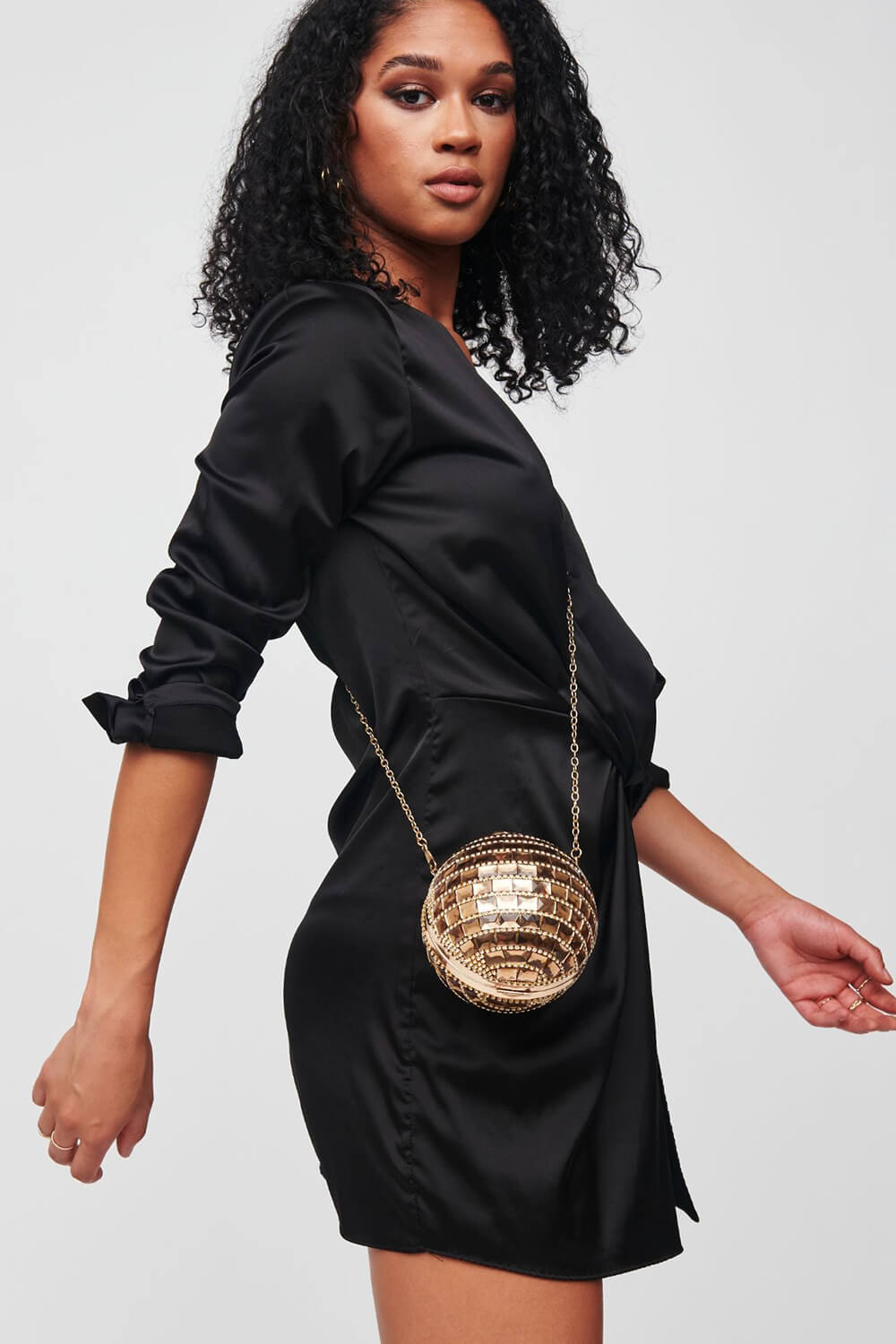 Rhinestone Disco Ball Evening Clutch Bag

--

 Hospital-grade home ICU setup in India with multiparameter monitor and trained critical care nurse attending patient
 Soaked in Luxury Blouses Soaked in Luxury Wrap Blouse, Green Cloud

WHAT YOU HAVE TO DO:
Take the records above and return, word for word, only the lines that fall from the line with "Hospital-grade home ICU" to the line with "Soaked in Luxury Blouses", both of them included.

TASK SOLUTION:
 Hospital-grade home ICU setup in India with multiparameter monitor and trained critical care nurse attending patient
 Soaked in Luxury Blouses Soaked in Luxury Wrap Blouse, Green Cloud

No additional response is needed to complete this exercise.